1. - A method for analyzing amniotic fluid, the method comprising: providing a device for measuring one or more selected biological markers in amniotic fluid; ordering the device with respect to an amniotic sac to measure amniotic fluid in situ without inserting any instrument into said amniotic sac; use said device to acquire measurement data; and processing said measurement data to obtain a value for said one or more biological markers selected in said amniotic fluid.
2. The method according to claim 1, wherein said device is a Raman spectrometer.
3. The method according to claim 2, wherein said arrangement comprises directing said spectrometer to analyze said fluid through an abdominal wall.
4. The method according to claim 2, wherein said arrangement comprises directing said spectrometer to analyze said fluid through a cervix.
5. The method according to any of claims 1 to 4, further comprising acquiring ultrasound images of the amniotic sac during said arrangement to direct or confirm that said device will measure said fluid without interference of a fetus.
6. A method to treat at least one pregnant mother and her offspring, the method comprising: a) providing a device for measuring one or more selected biological markers in amniotic fluid; b) order the device with respect to an amniotic sac to measure amniotic fluid in situ without the insertion of any instrument in said amniotic sac; c) use said device to acquire measurement data; d) processing said measurement data to obtain a value for said one or more selected markers in said amniotic fluid; and e) determine at least one of diet intervention and therapeutic intervention in response to said value.
7. The method according to claim 6, wherein the steps a and e are repeated during pregnancy, and step e comprises considering a response displayed on said value for at least one past intervention.
8. The method according to claim 6 or 7, wherein said mother is a human being, and the steps a to e first are performed before the 12 weeks of pregnancy.
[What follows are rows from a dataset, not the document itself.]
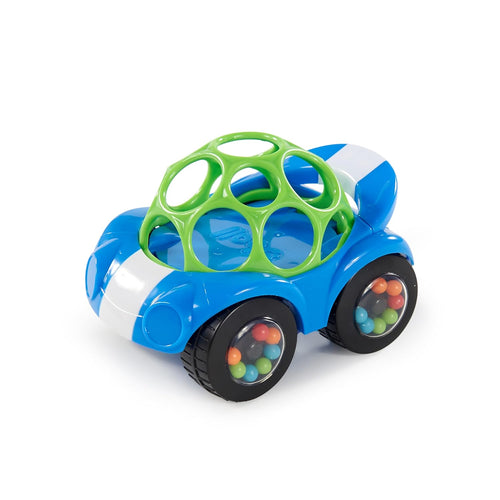 Bright Starts Oball Easy Grasp Rattle & Roll Sports Car Toy for Babies, 3 Months and up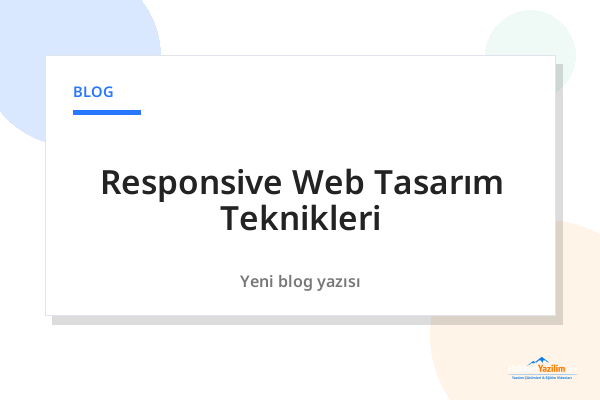 Responsive Web Tasarım Teknikleri kapak görseli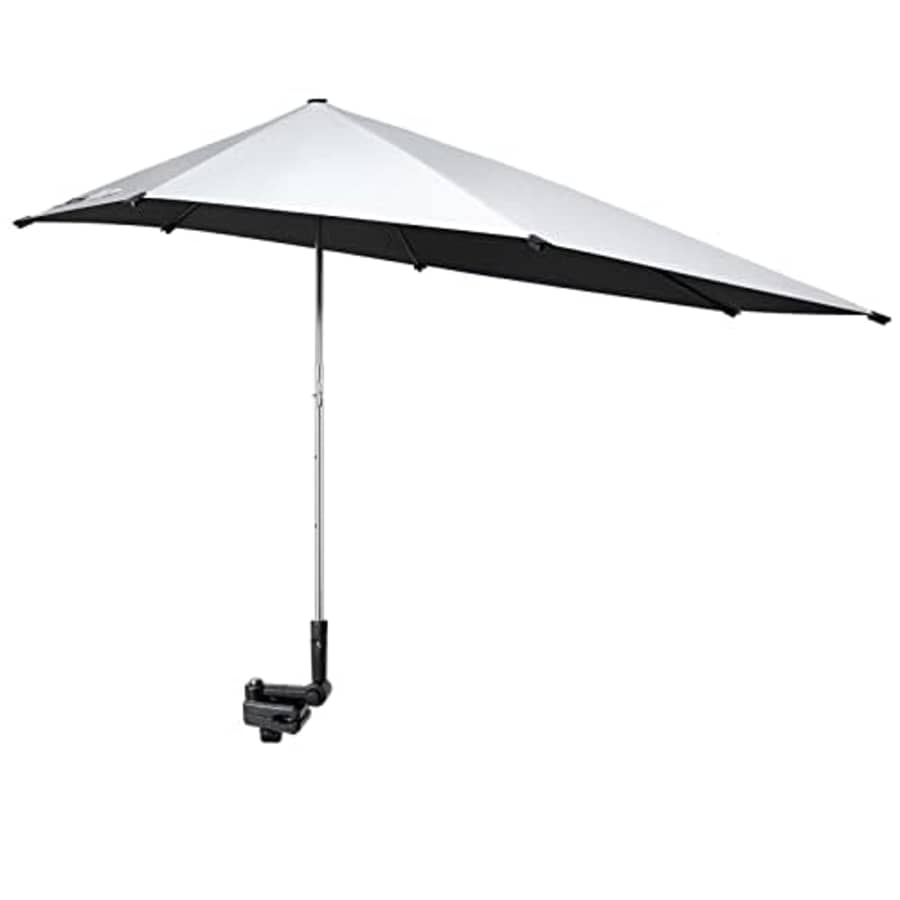 G4Free UPF 50+ Height Adjustable Chair Umbrella with Universal Clamp for Beach Chair, Golf Cart, for $50
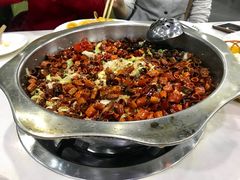 炝锅巴沙鱼-清真·锦翔炝锅鱼(明德门店)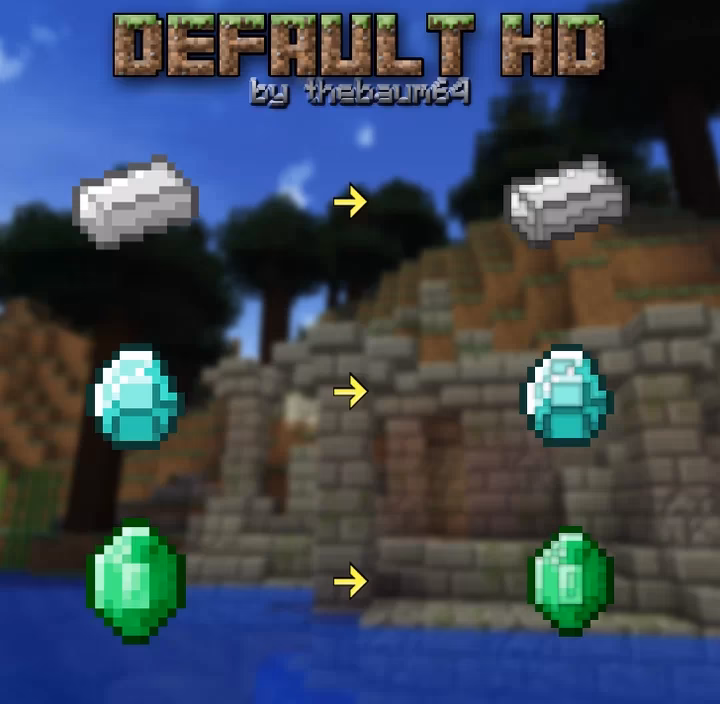 What is a default HD resource pack in Minecraft?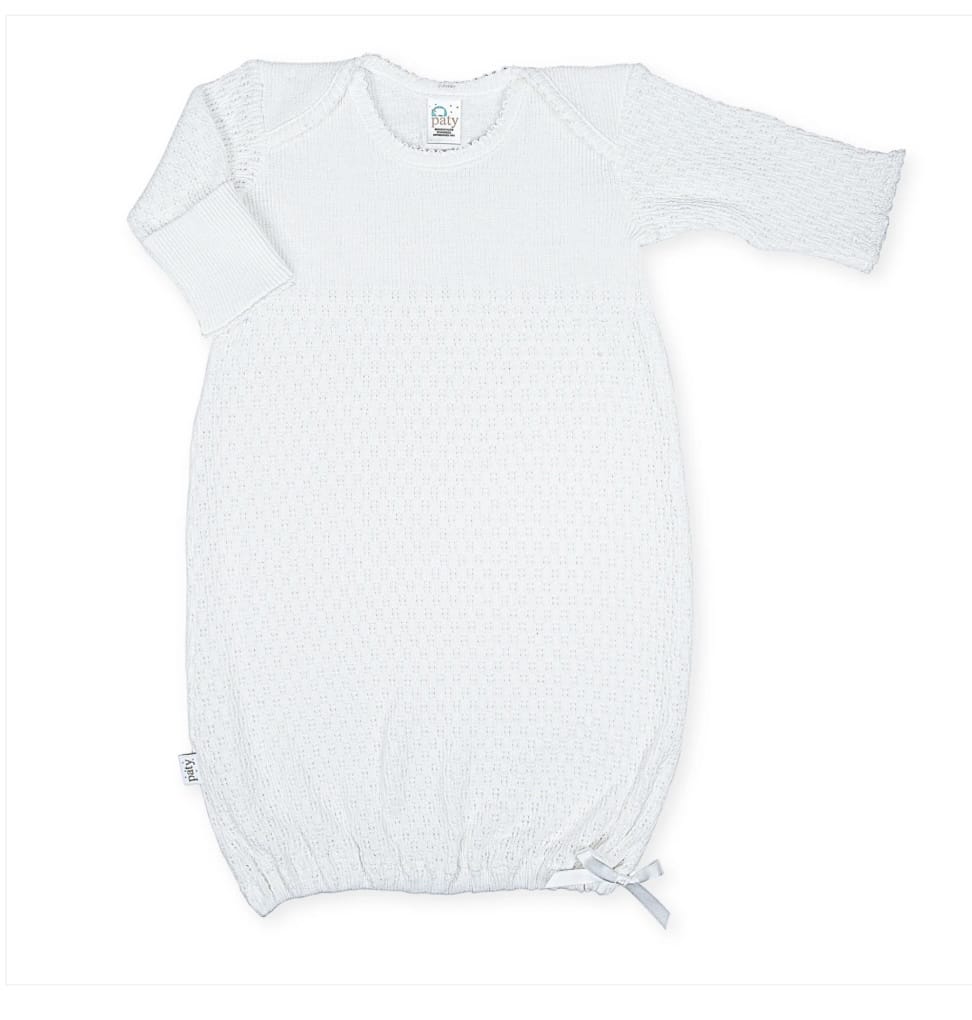PATY White/White Paty  Overlap Gown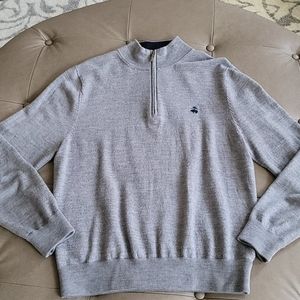 Brooks Brothers Gray 1/4 zip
9. The method according to claim 8, wherein an amniocentesis is performed after steps a to e are performed first, and step e is repeated using a value of said one or more selected markers obtained from said amniocentesis.
10. The method according to any of claims 7 to 9, wherein steps a to e are repeated at least three times during pregnancy.
11. The method according to any of claims 6 to 10, wherein said at least one marker comprises glucose, and said treatment is for controlling gestational diabetes.
12. The method according to claim 11, wherein said at least one marker further comprises at least one of insulin and IGF-BPI.
13. The method according to any of claims 6 to 12, wherein said device is an optical spectrometer.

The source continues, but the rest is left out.